Eventually, things get going with the introduction of Sir Walter Raliegh (Clive Owen), who acts as a breath of fresh air, both for the older and primmer Queen and for the bored audience. Only now, with the introduction of a love triangle between Elizabeth, Raliegh, and the ward, Bess (played by the breathtaking Abbie Cornish), the film is stuck in a conflict of its own: Will it be a study in the rich character of the Queen, a love story, or a historic action-adventure? The rest of the film is spent teeter-tottering between those three options, but on occasion it gets out of its own way, allowing the fantastic cast to bring real intrigue and suspense into the picture.

Blanchett’s greatest success comes when the predictably strong and dry woman in power begins to fall apart. Once she begins the struggle to kill the human being inside and keep up her powerful façade, some magnificent work takes shape. The power of this actor fighting on screen drives the movie.

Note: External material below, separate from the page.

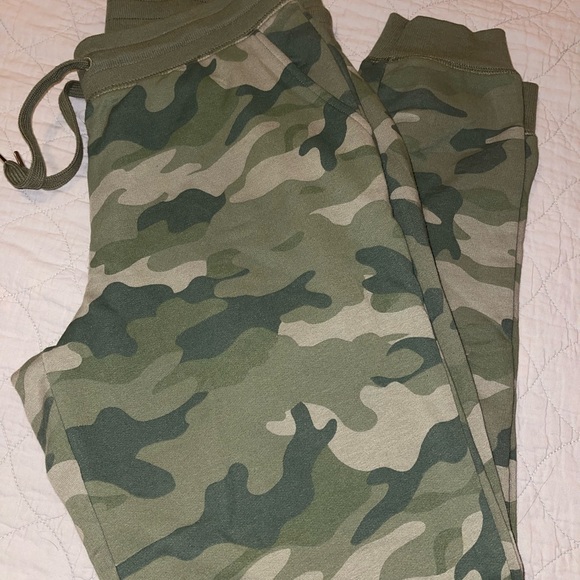 Old Navy Camo Joggers - Picture 3 of 11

Owen, meanwhile, brings a sensible charisma and boldness to his historic character. His presence in this movie is little more than that of a playboy, but he is as always enjoyable to watch.

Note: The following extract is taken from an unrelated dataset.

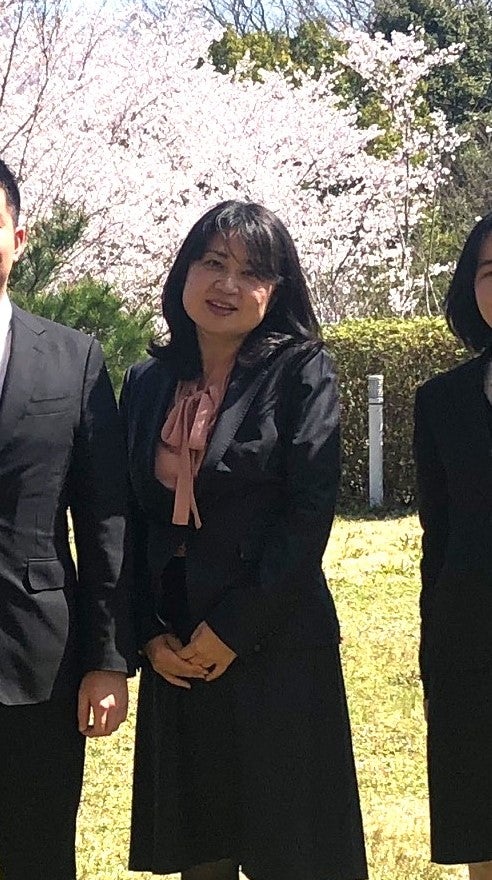 新入社員と会社ガーデンで撮影／藤井由実子氏／提供画像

Geoffrey Rush (Sir Walsingham) appears to have a complexity to his conscience and a thousand different motives, but we never see him. We know that he is trying to guard against the impending Catholic doom, but for the most part his moods and mannerisms come off as schizophrenic. Still, since Rush’s technique is flawless and engaging, the fault probably lies with lack of screen time.

The unsung hero of the cast is Samantha Morton, who plays Mary Stuart. While the Spanish are busy twisting their evil mustaches, Morton plays a different villain. Her Mary Stuart seems to be struggling to convince herself that she is a good person and the rightful ruler. Her effort to hold her composure and convince herself of her heroism is sadder than even Blanchett’s breakdowns.

Sadly, the work of these actors is splintered much like the defeated Armada as Kapur steers the ship back toward its epic ending.

Blanchett’s performance goes from compelling to over the top as she delivers a Joan of Arc speech to the troops aboard her steed, a moment too reminiscent of Braveheart to be anything but cliché and annoying.

The famous battle with the Armada is reduced to a mix of Clive Owen action shots and reports in back in the “war room.” While the up-close fighting works far better than the larger computer shots of thousands of ships (now well worn territory since Troy and 300), slow motion scenes of mutilated bodies feel somewhat out of place in a movie that never succeeds in establishing itself as an action adventure.

All this would be forgiven if it weren’t for the final moments, with an ending so over the top it would make Cirque du Soliel blush. Blanchett stands victorious in a circle of exploding light, her cape billowing in the wind, much like the ending of a Superman flick. It is the last gasp from a movie that just never finds its bearings. It’s too bad, since Blanchett is clearly capable of shining without the aid of over-exposing the film.


Since the inception of the Academy Awards there have been seven actresses to play a queen and earn nominations for their performances, with two playing Elizabeth the I (Including Blanchett herself in 1998). No doubt Mrs. Blancett hope’s that the second time around is the winning charm, as it was for Helen Mirren and Judi Dench. Before winning an Oscar in 2006 for playing Queen Elizabeth II, Mirren was nominated for a different queen, Charlotte, in The Madness of King George (1994). For Judi Dench, a nomination in 1997 for her role as Queen Victoria in Mrs. Brown bore no Oscar fruit, but just a year later she returned to the nominees pool playing Blanchett’s very same (though somewhat senior) Elizabeth I in Shakespeare In Love. That time, Dame Dench found herself in the winner’s circle. Blanchett, to be fair, has one gold statue to her name already for The Aviator. Blanchett’s winning portrayal was that of Katharine Hepburn, who incidentally was the first actress to be nominated and win an Oscar for her portrayal of a Monarch, Queen Eleanor of Aquitaine in The Lion in Winter (1968). It was a win that Hepburn shared, a tie for Best Actress with the Queen of the Divas herself, Barbra Streisand (Funny Girl).